The plan, which includes each attendee receiving a mask and a bottle of hand sanitizer upon entering the track, was developed in consultation with state and local health officials.

This event weekend is highlighted by an NTT INDYCAR SERIES doubleheader, with races Friday, Oct. 2 and Saturday, Oct. 3. It will be the penultimate event of the series’ season as the field pursues the champion’s prestigious Astor Challenge Cup to be awarded Sunday, Oct. 25 at the Firestone Grand Prix of St. Petersburg.

The INDYCAR Harvest GP will pay tribute to a storied IMS event, the Harvest Classic in September 1916. The Harvest Classic was the only racing event held outside of May at IMS from 1911 through 1993. The event featured three races, all won by legendary driver Johnny Aitken.

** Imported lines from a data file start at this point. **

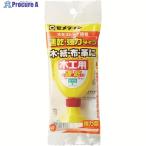 セメダイン 接着剤 木工用速乾 50mlフック CA-288  ▼114-0990 CA-288  1本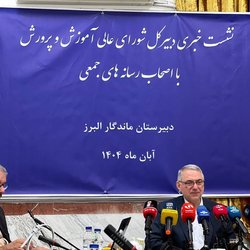 احیای مدرسه مطمئن‌ترین و ماندگارترین راه توسعه کشور
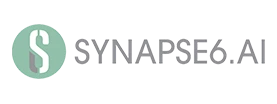 Synapse6.AI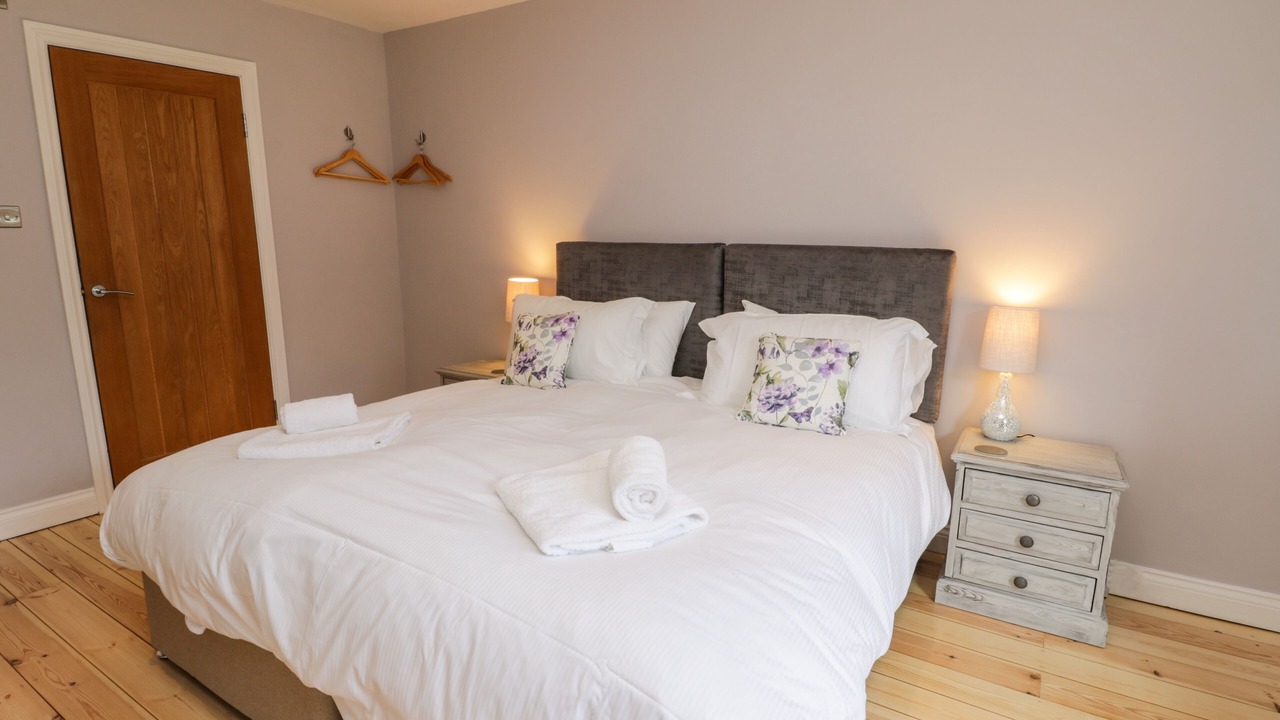 Photo of Others in Carlton-in-Cleveland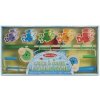 Melissa & Doug Magnetická hra - lovenie rybičiek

Fans also will see a host of facility improvements during the event weekend, including more than 30 new LED video boards, refreshed concession stands and restrooms, and 5G wireless connectivity throughout the facility.

The first race will air at 3:30 p.m. (ET) Friday, Oct. 2 on the USA Network. NBC will broadcast the second race at 2:30 p.m. (ET) Saturday, Oct. 3, with WTHR-13 airing the action live in Central Indiana.

Also racing that weekend will be the first pairing of two major sports car series — the Intercontinental GT Challenge Powered by Pirelli and its North American counterpart, GT World Challenge America Powered by AWS. Former Indianapolis 500 pole winner Ryan Briscoe is among the drivers in the Indianapolis 8 Hour event held Sunday, Oct. 4.

The event also will showcase drivers in SRO America’s Pirelli GT4 America, GT Sports Club America and the TC America series.

The full on-track schedule is available at IMS.com.